(Materials provided)

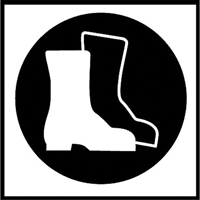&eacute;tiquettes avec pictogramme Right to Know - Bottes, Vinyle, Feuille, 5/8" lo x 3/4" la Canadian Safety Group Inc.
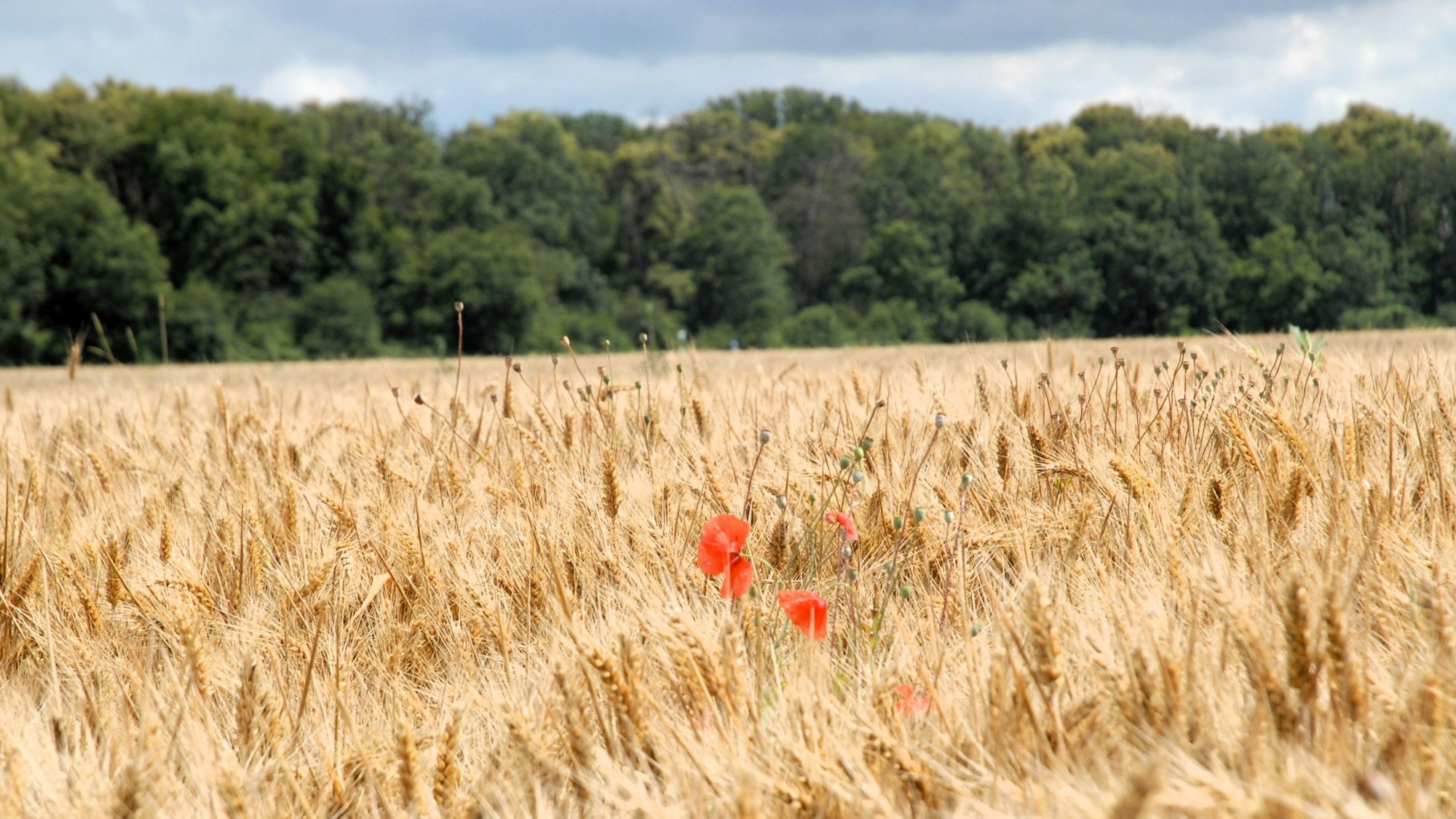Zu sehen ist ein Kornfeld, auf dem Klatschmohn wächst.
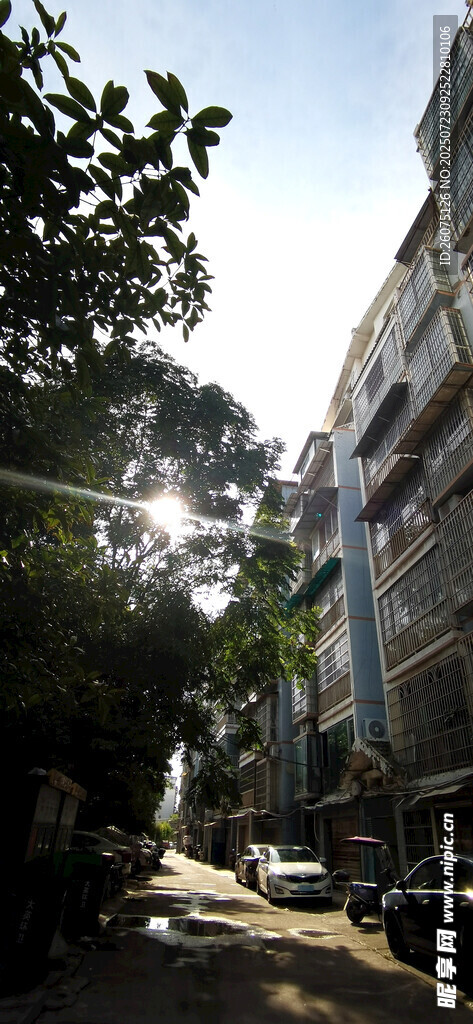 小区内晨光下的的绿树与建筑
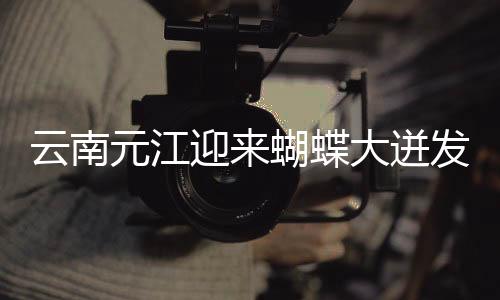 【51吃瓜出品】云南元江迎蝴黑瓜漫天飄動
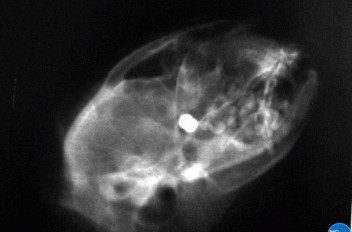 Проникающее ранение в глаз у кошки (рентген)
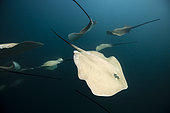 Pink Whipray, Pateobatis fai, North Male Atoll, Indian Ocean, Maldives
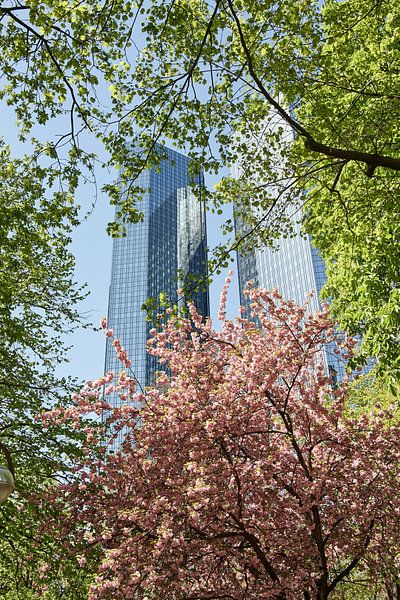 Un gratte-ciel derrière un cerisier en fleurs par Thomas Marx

(End Materials provided)

▶ [Activity]
Please output all the records above exactly, leaving out every picture.

▶ [Response to this task]
&eacute;tiquettes avec pictogramme Right to Know - Bottes, Vinyle, Feuille, 5/8" lo x 3/4" la Canadian Safety Group Inc.
Zu sehen ist ein Kornfeld, auf dem Klatschmohn wächst.
 小区内晨光下的的绿树与建筑
 【51吃瓜出品】云南元江迎蝴黑瓜漫天飄動
 Проникающее ранение в глаз у кошки (рентген)
 Pink Whipray, Pateobatis fai, North Male Atoll, Indian Ocean, Maldives
 Un gratte-ciel derrière un cerisier en fleurs par Thomas Marx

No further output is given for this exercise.